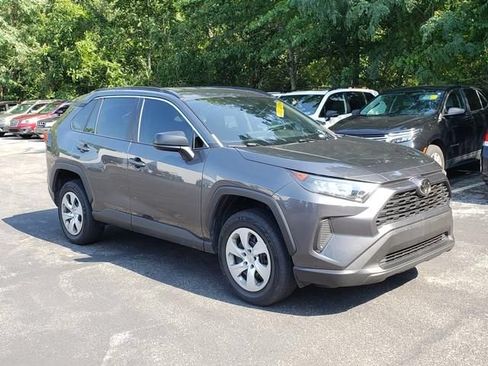Used 2019 Toyota RAV4 LE AWD/4WD image 1
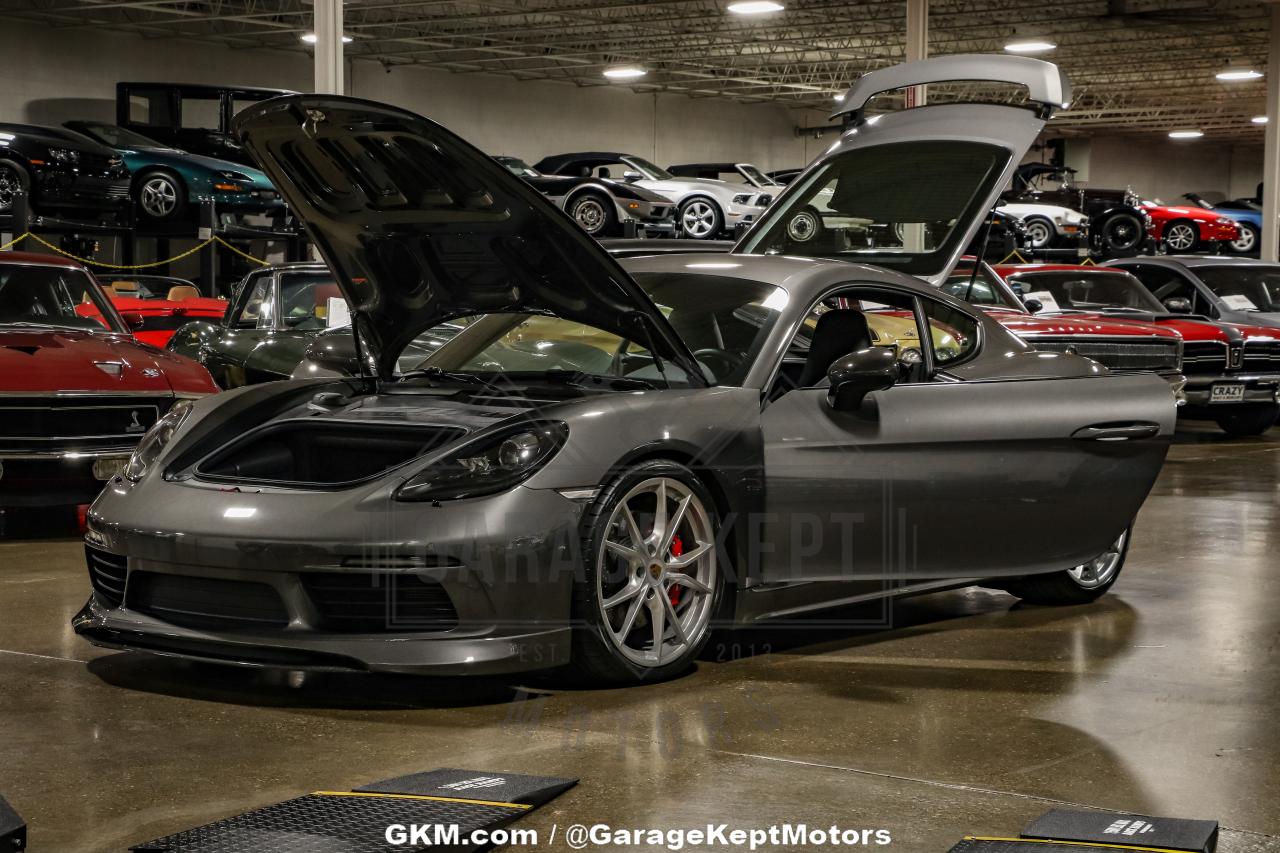 2019 Porsche Cayman S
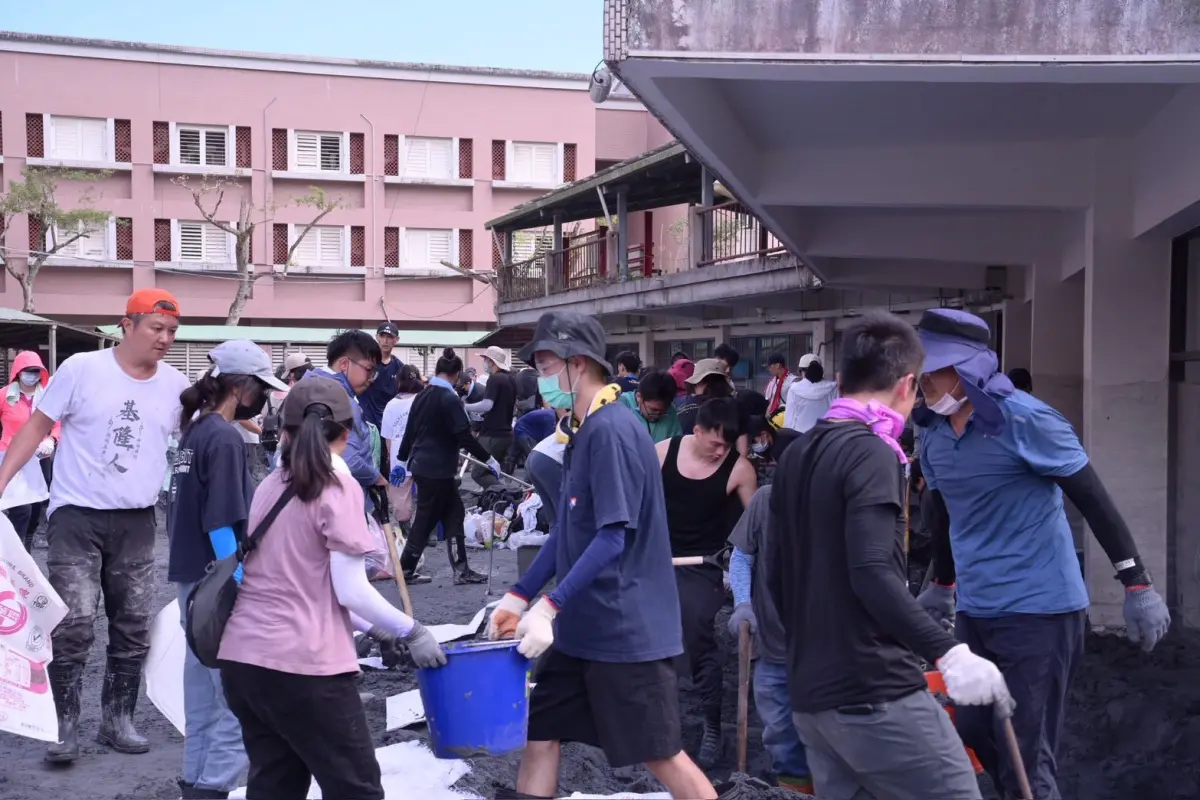 ▲鏟子超人湧入災區，積極協助花蓮光復鄉恢復原貌。（圖／擷取自傅崐萁臉書）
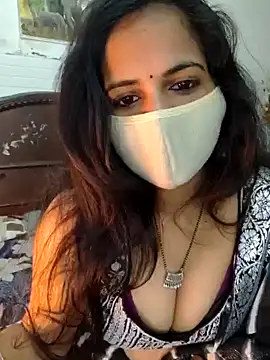 Snapshot of Nehubhabhi26 chatting on 01/08/25, 04:54 Nehubhabhi26 online show from 01/08/25, 04:54
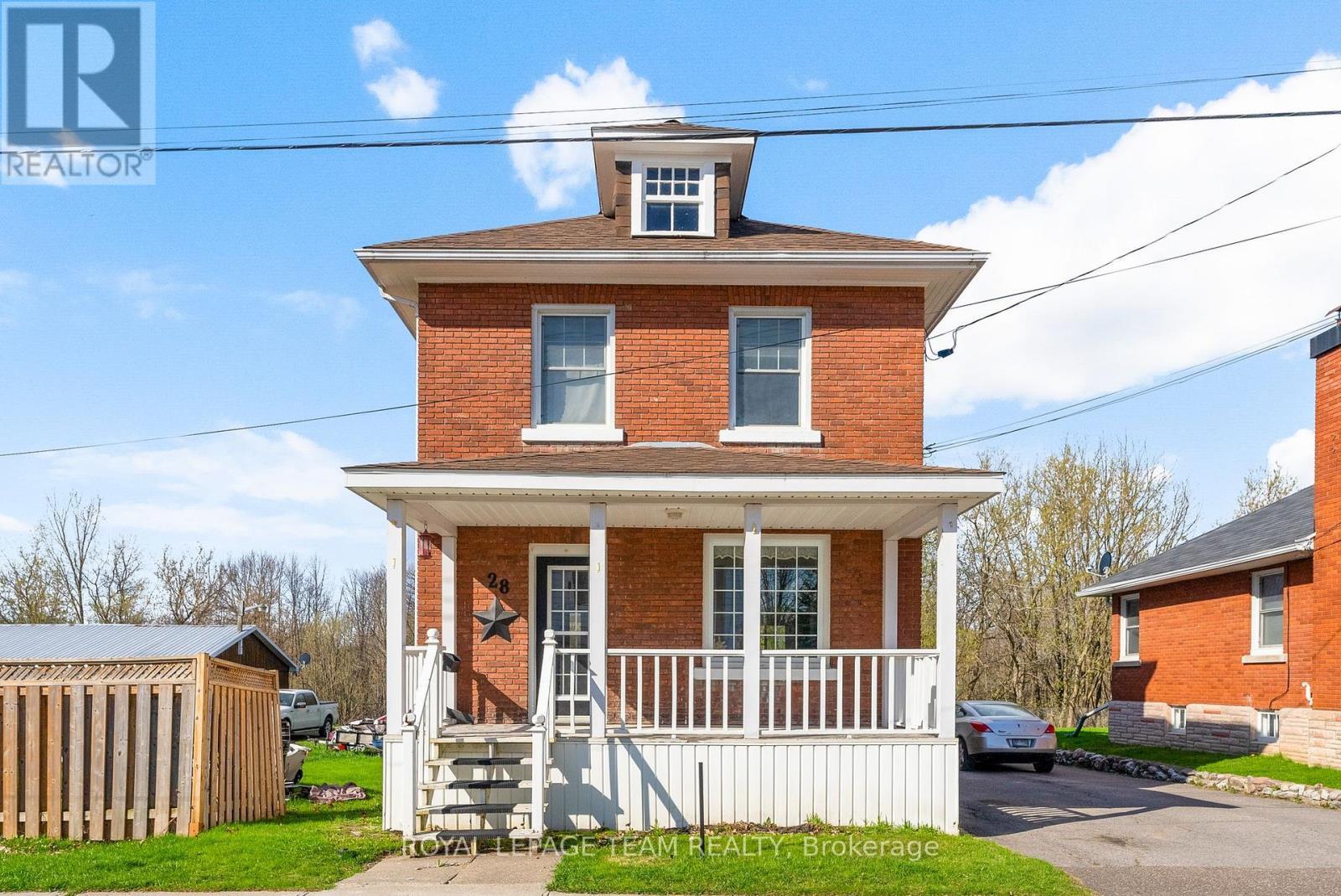 












28 BANK STREET N

,
Renfrew,




Ontario
K7V2C9

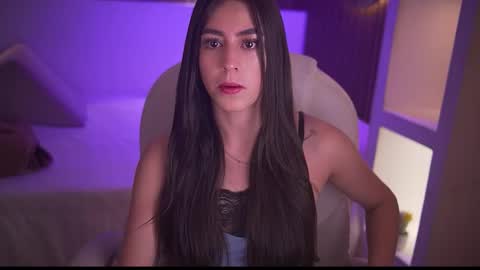 Snapshot of camila_martinez9 chatting on 11-26-25, 11:33 camila_martinez9 online show from 11-26-25, 11:33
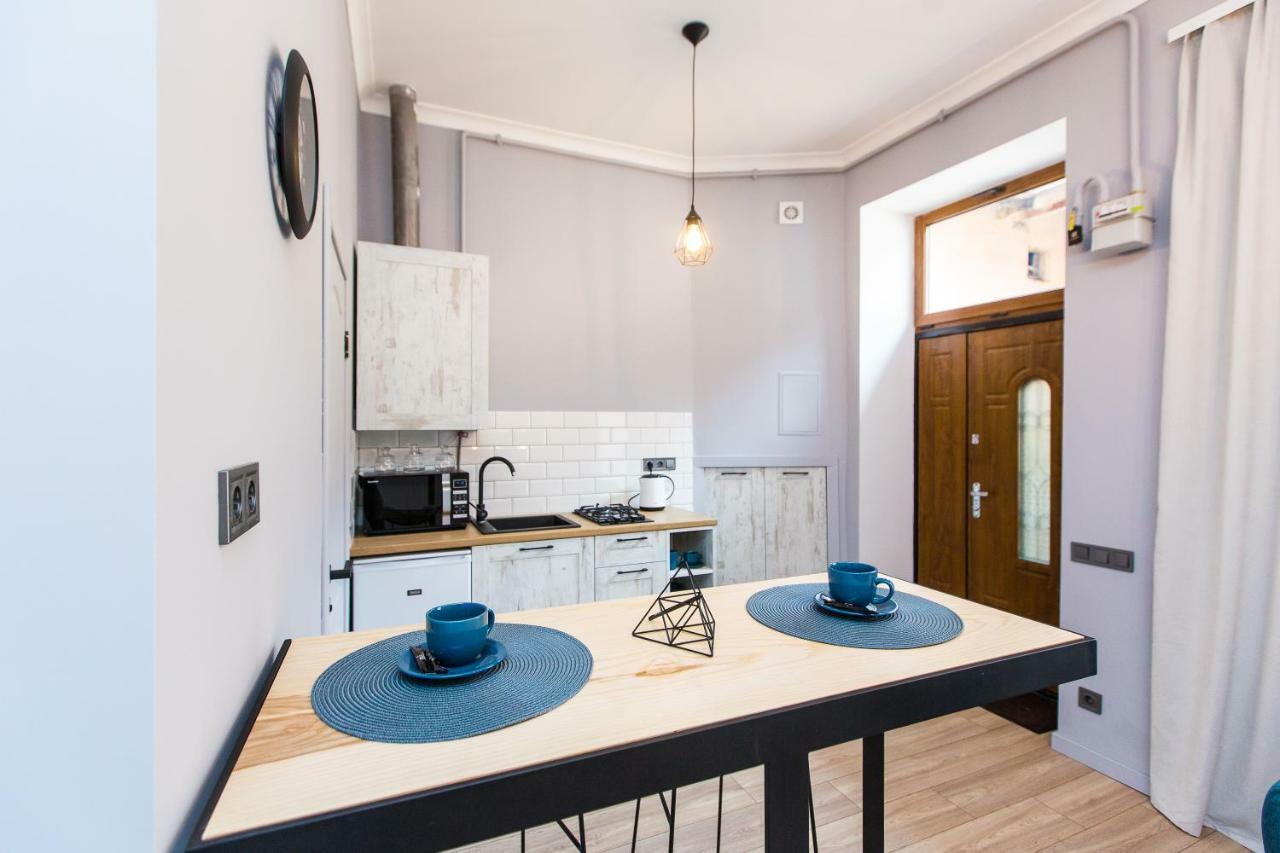 Lazur Apartment Lviv Eksteriør bilde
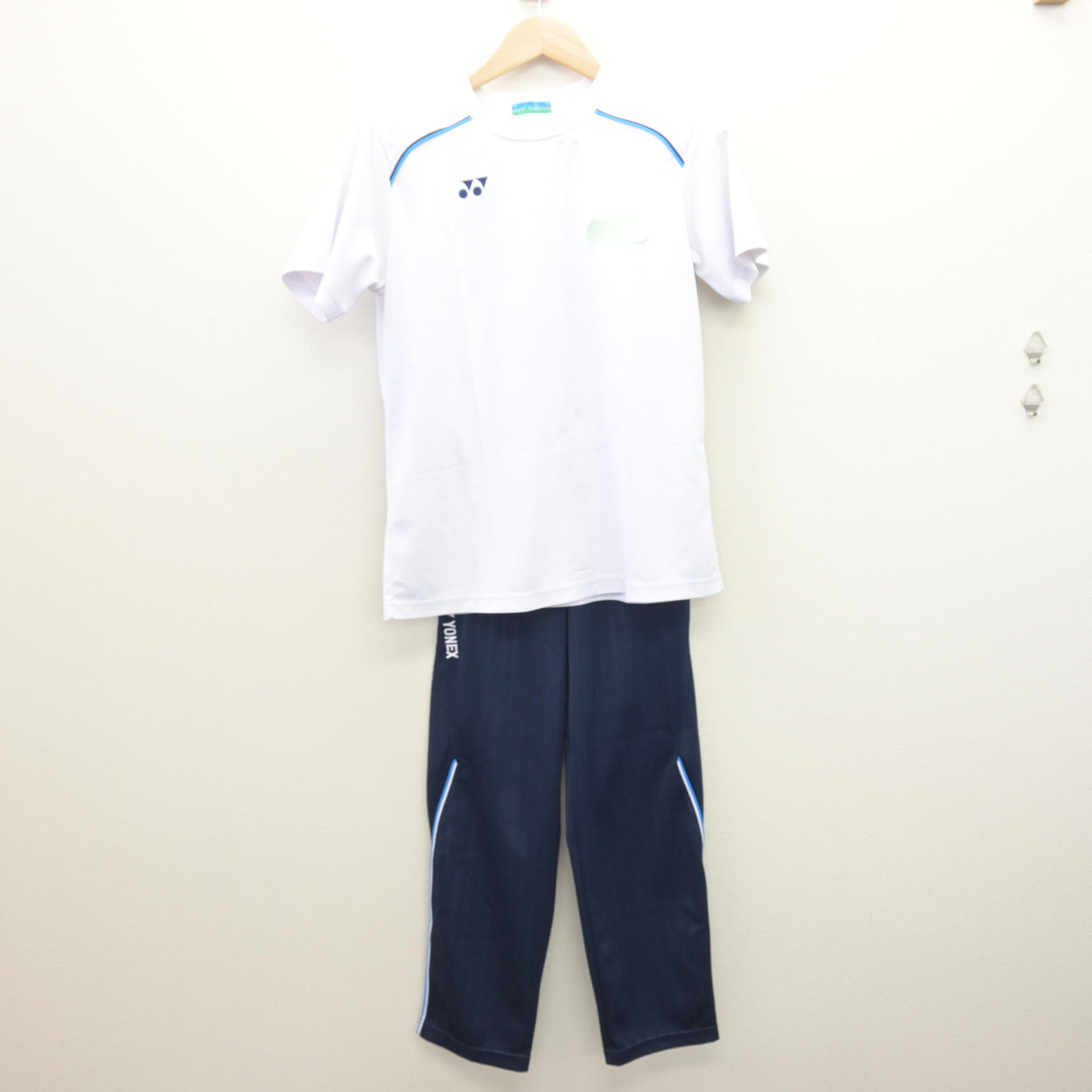 【中古】和歌山県 日高高等学校 女子制服 3点 (ジャージ 上・体操服 上・ジャージ 下) sf121114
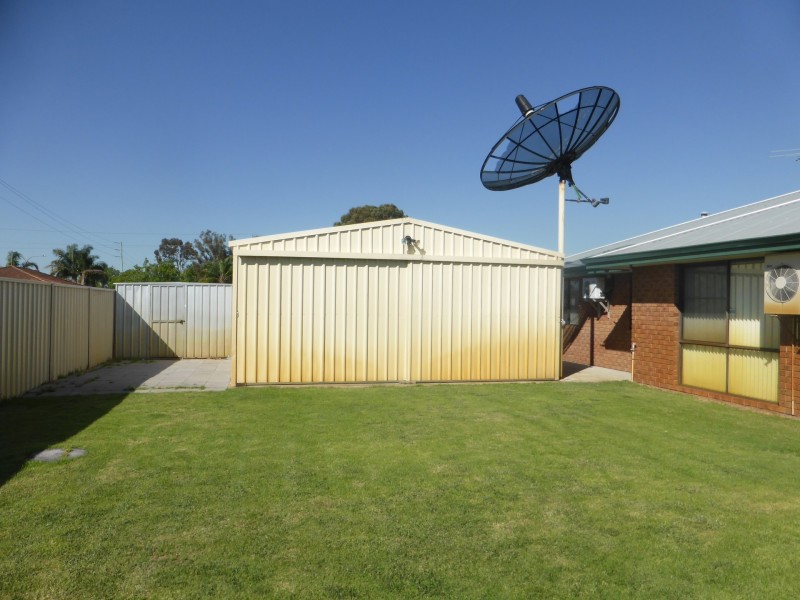 7 Brunswick Road, Thornlie WA 6108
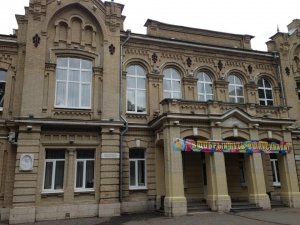 Средняя общеобразовательная школа №3 им. А.С. Пушкина                             Россия ,                                                                            Пятигорск
                            ,                        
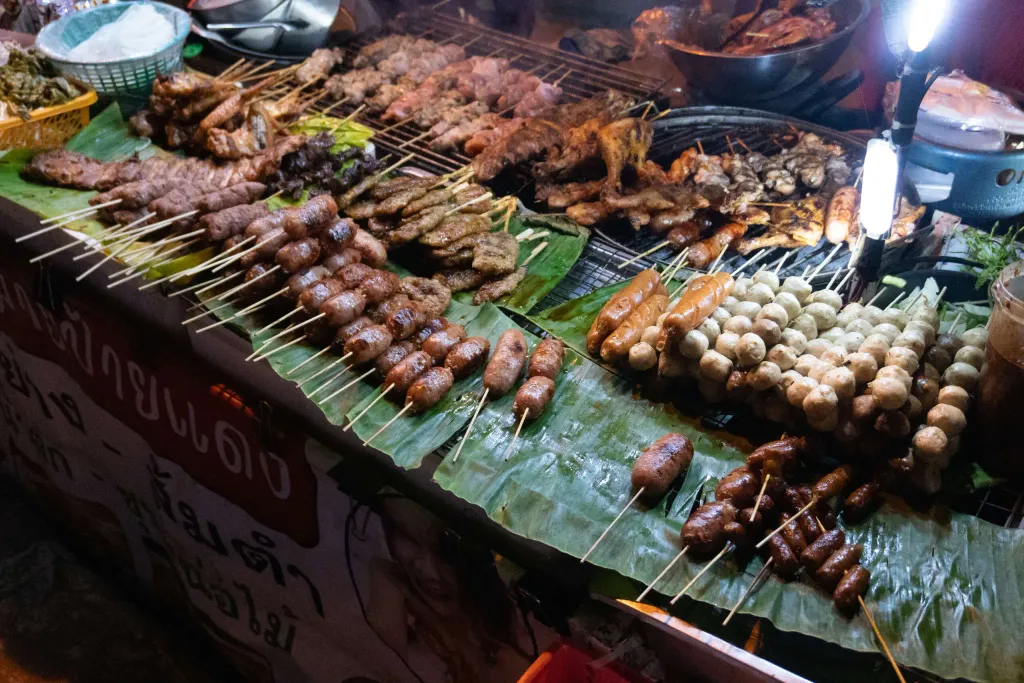 Day 4: Loy Krathong Street Parade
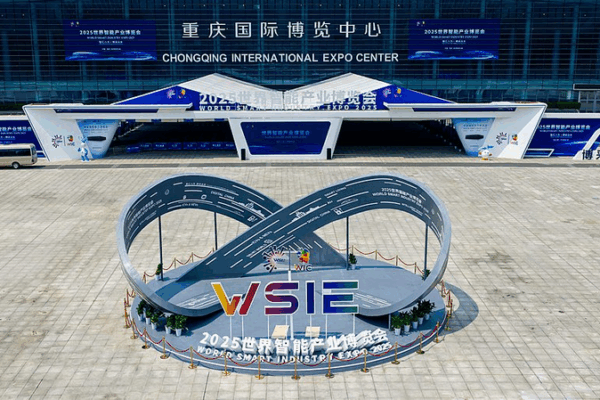 China’s Smart Expo 2025 Unveils AI-Powered Future 🌐🚗 China’s Smart Expo 2025 Unveils AI-Powered Future 🌐🚗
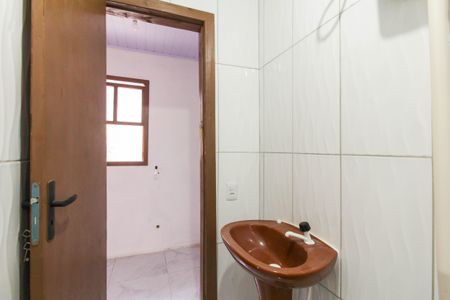Banheiro de kitnet/studio para alugar com 1 quarto, 20m² em Mathias Velho, Canoas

┄┄┄┄┄┄

**What you have to do:**
Look above for the line containing "28 BANK STREET N", then write out every line from there down to the line containing "7 Brunswick Road, Thornlie WA 6108", that line included, with no pictures.

**Your solution:**
28 BANK STREET N

,
Renfrew,




Ontario
K7V2C9

 Snapshot of camila_martinez9 chatting on 11-26-25, 11:33 camila_martinez9 online show from 11-26-25, 11:33
 Lazur Apartment Lviv Eksteriør bilde
 【中古】和歌山県 日高高等学校 女子制服 3点 (ジャージ 上・体操服 上・ジャージ 下) sf121114
 7 Brunswick Road, Thornlie WA 6108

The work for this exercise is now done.